L'Antonini trae dal toponimo «Rodino» del Mandelli, la probabile origine di Rutino (rodon, la rosa). Anche perché a un miglio dal villaggio «vi fu un'altra abitazione» detta Rodo, Ruda, Ruta, dove ai suoi tempi era la chiesa di S. Pietro, nella quale per antica consuetudine il 25 gennaio (conversione di S. Paolo) e il 29 giugno (festività dell'apostolo) il popolo «va ad ascoltare la messa solenne celebrata dal clero di Rutino». Ma né dell'abitato, né della cappella di S. Pietro fuori l'abitato di Rutino è notizia nei documenti e nei verbali delle visite pastorali. Aggiunge ancora l'Antonini che nei pressi del villaggio era un altro abitato detto “Casatiti” «or pieno sol di rovine e sepolcri antichi». Nella tomba di un guerriero altissimo (i femori erano lunghi «più di due palmi») si rinvenne anche una lancia, acquistata dalla famiglia Magnoni, oltre a lucernine, lacrimatoi, e altro. Alla parte opposta di questo un altro abitato detto «ottaviano e i paesani graziosamente ne contan delle favolette; e la via che ad entrambi conduce, fu detta la via del casale». Anche il Magnoni scrive di mucchi di pietre in località Casatiti, «indizio di esservi state anche un tempo antiche abitazioni».
Per stroncare il banditismo che spadroneggiava nel luogo, il viceré d'Ognatte inviò nel Cilento il giudice della Viacaria Aniello Porzio. Fissata la sua residenza a Rutino, con inflessibile severità il giudice cominciò a punire i protettori delle bande e ad arrestarne e impiccarne i componenti. Pare che la sua fermezza riuscisse a snidare e a punire i malviventi arroccatisi nel Cilento. Non mi ripeto per quanto attiene alle operazioni militari e alla partecipazione di Rutino agli eventi svoltisi nel territorio nel 1848 e anni seguenti.
Il Giustiniani colloca Rutino su una collina a 36 miglia da Salerno e segnala che «in questo piccolo paese del Cilento si ferma la Regia Posta». Nell'articolo della Rocca del Cilento accennai qualche cosa de’ possessori, e talvolta dicesi Casale. Del «casalis Rodini» è notizia anche nella numerazione del 1489, quando il casale era abitato da 95 famiglie con 510 abitanti. Nel 1508 i fuochi, a causa della peste erano solo 78 con 390 abitanti.

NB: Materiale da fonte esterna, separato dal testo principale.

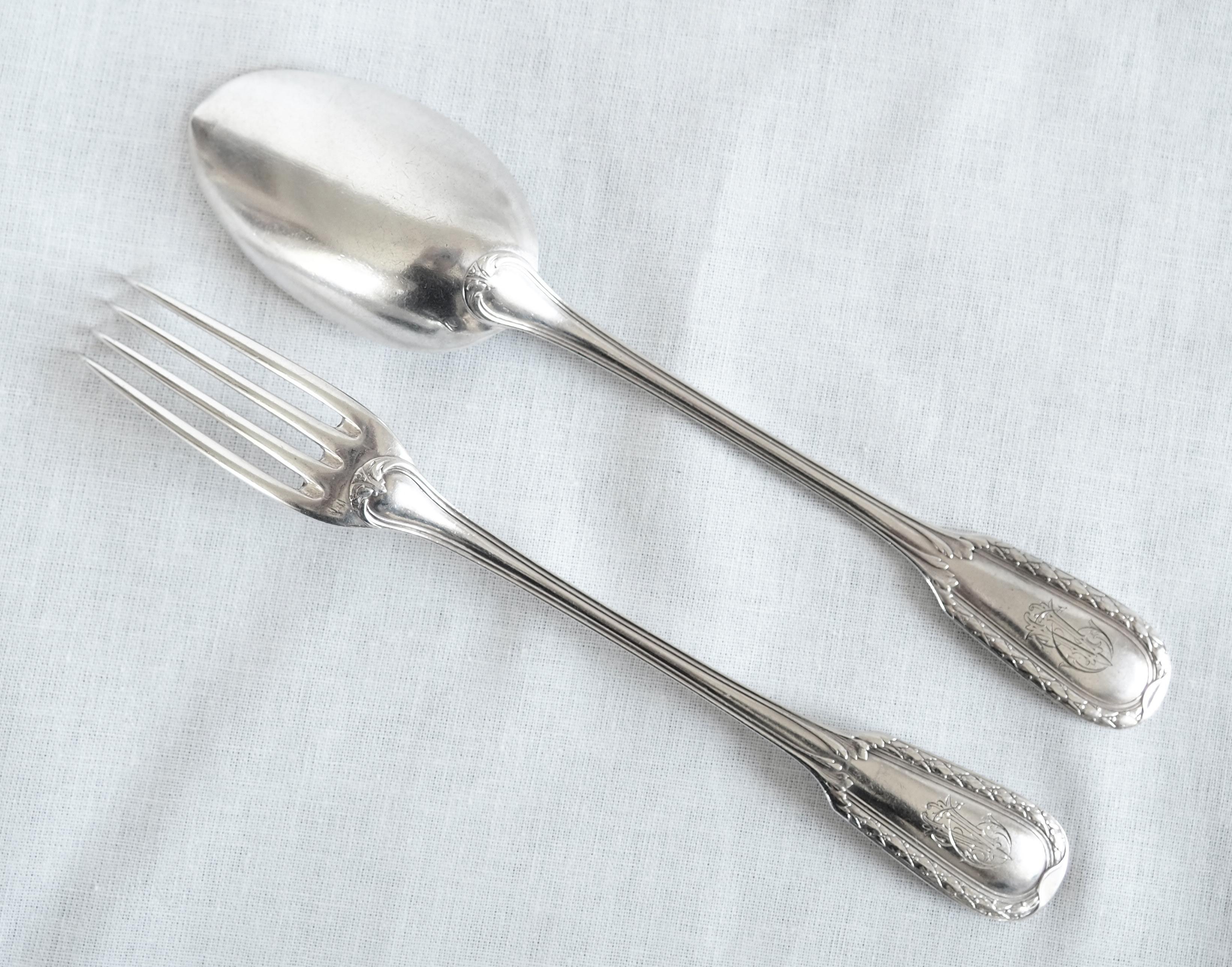 A fine sterling silver cutlery set for a child composed of a fork and a spoon by French silversmith Emile Puiforcat. Chic Louis XVI style pattern : elegant and sober shape, laurels frieze chiseled ornamentation.
There is a EV monogram on the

Delle numerazioni successive si apprende dal Giustiniani 22 fino al 1669.
Va ricordato quanto scrive il Volpi a proposito della peste del 1656 che, come Rutino (da 610 abitanti nel 1648, nel 1669 la popolazione risultava dimezzata con 330 abitanti), colpì duramente tutto il Cilento. «Grande per la strage che la peste menò nel Cilento nell'infausto anno 1656. In Pollica, Celso, Galdo, Cannicchio e limitrofi paesi sviluppassi con tale ferocia che i miseri cittadini, a fine di non restare insepolti, ai primi sintomi del male, si studiavano di cavare una fossa e, chiamandosi a vicenda, si ponevano a giacerle presso, sperando che qualche uomo pietoso dopo la morte ve li avesse sospinti. Di qui l'infinità di ossami che spesso vanno di qua e di la discoprendosi. Nel solo convento di S. Francesco, poco lungi da Rutino, non ebbe adito il morbo pestilenziale: onde quei frati, a perpetuarne la memoria, fecero edificare nel loro giardino una concava e vaga fontana, apponendovi una iscrizione».